Columns

50 Years After Milliken v. Bradley

 

Michigan Bar Journal

TO THE EDITOR:

The authors of “50 Years After Milliken v. Bradley” (January 2022 Michigan Bar Journal) did a fine job in describing the judicial overview of the impact of the Supreme Court’s decision on school desegregation in the United States.

As I said, however, as the judge who signed the district court’s order, I’m not a sociologist and not an educator, but I am also not sure the case really hastened white flight from Detroit by much. Detroit, because of the age of its housing stock and layout, simply became a less attractive place to live. Those who could afford to move into the new suburban communities and enjoy the amenities they offered did so. School environment was a part of that, but a small part. The city had aged, and those who could escape its wrinkles did so, while leaving those who couldn’t afford it behind, but not because of Milliken v. Bradley.

Hon. Avern Cohn, Detroit


TO THE EDITOR:

“50 Years After Milliken v. Bradley” by John R. Runyan, Erin Gianopoulos, and John E. Mogk is an excellent piece of journalism that should be a must-read for all Michigan students. Maybe understanding how we got to this place of such totally disparate school districts will spur creative thoughts on how to remedy the situation. Thank you to the authors for such informative yet succinct review of urban education and desegregation in our country.

John Liskey, Okemos


TO THE EDITOR:

Interdistrict school busing for southeastern Michigan was the “defund the police” concept of the early 1970s. It was legally flawed as noted by the United States Supreme Court then and subsequently. It was a “remedy” that almost no one wanted other than the plaintiffs and their attorneys. And it wreaked havoc on politics in Michigan for quite a while since the public, not incorrectly, perceived the concept flowed from the left end of the spectrum and voted massively against even moderate Democrat politicians.

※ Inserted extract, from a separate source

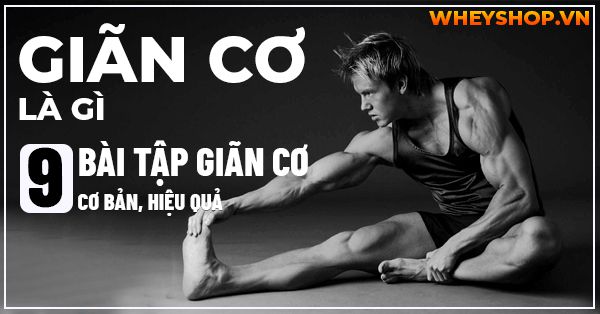 Giãn cơ là gì? Hướng dẫn 9 bài tập giãn cơ cơ bản, hiệu quả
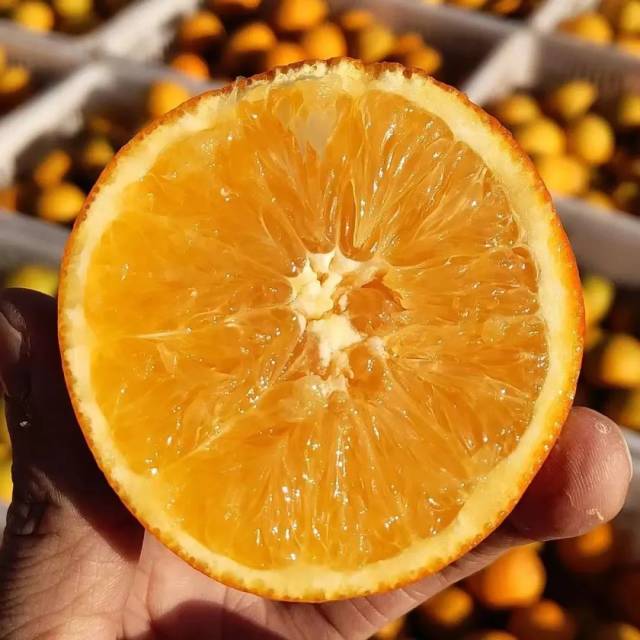 平远脐橙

“50 Years After Milliken v. Bradley” is an article longing for the activist urge that came up with this bad idea. By the time of the lawsuit, it was clear that the city of Detroit had engaged in segregation of its schools and would need to cease and reverse, if possible, any segregation of its schools. There were findings that the city had discriminated in the past. But the litigants sought to rope into the Detroit problem students from other areas, even other counties, that had not engaged in any unlawful discrimination. The U.S. Supreme Court noted that there was no satisfactory evidence that the 53 school districts had engaged in any racial segregation of their schools.

The children and families from those other 53 communities were to be used to fashion an unwanted and unlawful remedy.